L’appel de l’Association Justice et Vérité intervient dans le sillage de la fermeture de la Land Research and Mediation Unit, mise en opération en 2015 et placée sous la tutelle du ministère du Tourisme afin de mener une enquête approfondie sur plus de 120 cas d’expropriation révélés lors des travaux de la Commission Vérité et Justice. Le ministère du Tourisme avait alloué un budget de fonctionnement mensuel de Rs 300 000 à la Land Research and Mediation Unit, placée sous la direction de Mahmad Mandary, ex-Deputy Chief Surveyor. Le service, qui avait emménagé dans un bureau au 6e étage du Baroda Building, avait également recruté à temps partiel trois autres personnes, Mme How Man Yoon, ex-Deputy Registrar, l’avoué Hunchun Ganesh et A. Andoo, un arpenteur détaché par le  ministre du Logement et des Terres.

Tactique dilatoire

Toutefois, dès l’annonce de la mise sur pied de cette instance, l’Association Justice et Vérité avait déclaré que celle-ci relevait d’une tactique dilatoire afin de contourner la recommandation de la Commission Vérité et Justice pour la mise en opération d’un Land Tribunal. « Il n’y a pratiquement pas d’auditions et cette unité n’a jamais produit de rapport. Aujourd’hui, les faits nous donnent raison, d’autant que ce service ne fonctionne plus depuis le départ du PMSD du gouvernement », fait ressortir Clensy Harmon, un des porte-parole de l’association. Didier Kisnorbo avait, lui, fait observer que « la proposition de la Land Research and Mediation Unit mettait cette dernière en situation inégale face aux énormes moyens dont disposent les ‘barons sucriers’ ».

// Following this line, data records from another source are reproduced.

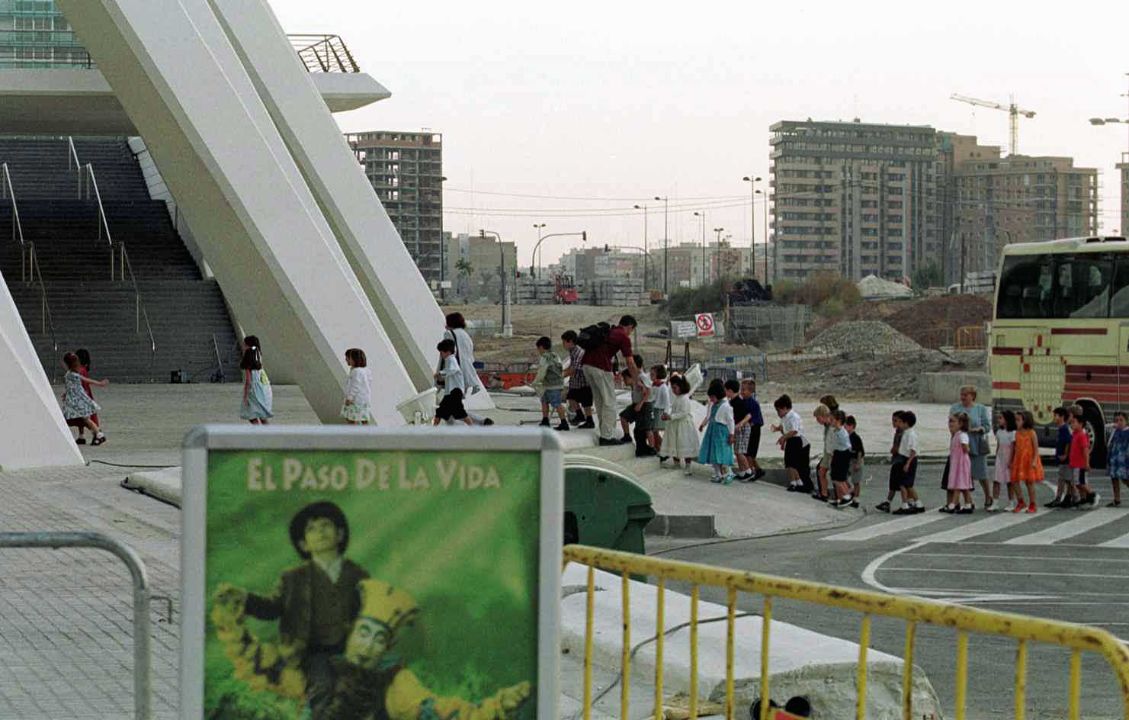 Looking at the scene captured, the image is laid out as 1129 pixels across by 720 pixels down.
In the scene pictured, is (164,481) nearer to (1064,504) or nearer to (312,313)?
(312,313)

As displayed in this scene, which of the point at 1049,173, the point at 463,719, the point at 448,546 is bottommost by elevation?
the point at 463,719

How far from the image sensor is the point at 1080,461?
21188 millimetres

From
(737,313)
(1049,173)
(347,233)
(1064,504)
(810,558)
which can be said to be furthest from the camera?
(1049,173)

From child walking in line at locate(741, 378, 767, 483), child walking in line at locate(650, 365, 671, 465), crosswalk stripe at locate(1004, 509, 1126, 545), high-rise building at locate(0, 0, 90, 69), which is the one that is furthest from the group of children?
high-rise building at locate(0, 0, 90, 69)

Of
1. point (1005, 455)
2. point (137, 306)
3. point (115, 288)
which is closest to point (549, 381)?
point (1005, 455)

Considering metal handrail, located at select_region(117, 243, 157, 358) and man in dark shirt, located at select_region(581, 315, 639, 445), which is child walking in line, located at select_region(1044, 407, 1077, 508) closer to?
man in dark shirt, located at select_region(581, 315, 639, 445)

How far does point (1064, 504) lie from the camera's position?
70.9ft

Quant à Danielle Tancrel, elle aussi fait état de delaying tactics : « Nous étions déjà convaincus que le ministre du Tourisme d’alors voulait gagner du temps avec la mise sur pied de cette unité. Ceux qui ont leurs titres de propriété attendent qu’on désigne les responsables actuels des ‘vols’ commis par leurs ancêtres, sans qu’ils en soient eux-mêmes tenus responsables. Malheureusement, force est de constater que ces derniers restent sur leurs positions et usent de tactiques dilatoires devant les tribunaux pour ne rien lâcher », fait-elle valoir avant d’ajouter : « À chaque fois qu’on a abordé la problématique des terres volées, certains, parmi de nombreux ‘barons sucriers’,  disent que nous faisons comme au Zimbabwe ».

« Goût d’inachevé »

Feu Benjamin Moutou, un des trois commissaires (les deux autres sont Vijaya Teelock et Parmaseeven  Veerapen) qui avaient auditionné les témoins lors des sessions de la Commission, avait déclaré qu’« il est clair que la commission a un goût d’inachevé. Il faudrait aujourd’hui commencer par mettre sur pied ce Land Tribunal, mais aussi recourir aux services des arpenteurs, notaires, avocats et commissaires fonciers. Certains cas sont toujours complexes ». Autant de services que les familles spoliées ne pourraient s’offrir.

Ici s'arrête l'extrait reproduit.